To investigate these differences later, scientists analyzed data from the Dutch Cohort Study (NLCS), which included more than 120,000 men and women between the ages of 55 and 69 when it began in 1986.

They wanted to see if there was any connection between height, weight, physical activity for leisure, and the likelihood of 90 years of age and whether there were any differences between men and women.

About 7,807 participants (3646 men and 4,161 women between the ages of 68 and 70) provided detailed information in 1986 about their current weight, height, weight when they were 20 years of age, and about the physical activity of leisure.
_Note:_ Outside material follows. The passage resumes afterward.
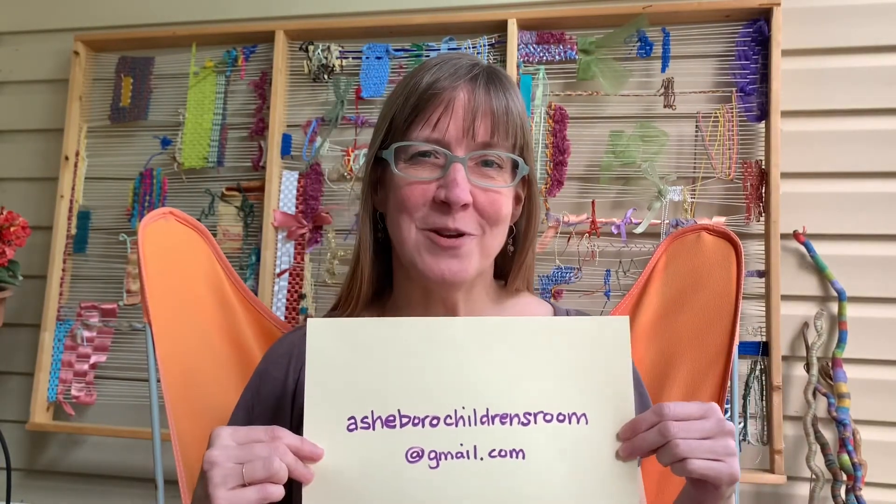Well, that's all for today. I would love to see some of the things you came up with — your journey stick or your nature weaving. If you take some pictures, send your first name and your age if you want to ashboroughchildrensroom@gmail.com. We would love to make a little virtual art gallery with some of your creations. We'd also love to hear any ideas you have for art projects while you have to stick around at home. I'll see you next Friday — I look forward to being creative with you again. My name is Becky, I'm with the Ashboro Public Library. Bye!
This includes activities such as gardening, dog walks, home improvement, walking or biking and recreational sports that have been grouped into daily allowance categories: less than 30 minutes; 30 to 60 minutes; and 90 minutes or more.

Participants were then observed to death or 90 years of age, whichever comes first.

Researchers consider potentially influential factors such as whether participants are current or former smokers, how much they have drunk, what their educational achievements, and the usual energy reception.

Around 433 men (16.7%) and 944 women (34.4%) survived to 90 years of age.

The women who were still alive up to that age were on average higher, weighed less at the beginning of the study, and had reduced their weight since the age of 20 than those who were shorter and heavier.

Moreover, women with a height of over 175 cm (5 feet 9 inches) are 31% more likely to reach 90 than women less than 160 cm (5 feet 3 inches).

Such associations were not observed among men.

And when it came to levels of physical activity, men who moved over 90 minutes a day had 39% more likely to reach 90 than those who did less than 30 minutes.

And every additional 30-day physical activity they gained was associated with a 5% increase in their chances of becoming 90 years of age.

But this was not the case with women. Those who have spent more than 30-60 minutes a day are 21% more likely to reach 90 than those who manage 30 minutes or less.

But there seems to be an optimal threshold for women: about 60 minutes a day were associated with the best chance of celebrating the 90th anniversary.

This is observation and therefore can not establish a reason. Information about body size and physical activity was rather voluntary than objectively measured, which could affect the results, researchers say.

But the findings are based on a large number of people, all of whom are similar in age, which strengthens the results, they say, adding that their study is one of the few that distinguishes the lifestyle factors associated with long-lived men. and women.

There may be no relationship between body size and age at men, researchers said. But the behavior and the history of the illness appear to affect the found associations and there are differences between smokers and non-smokers.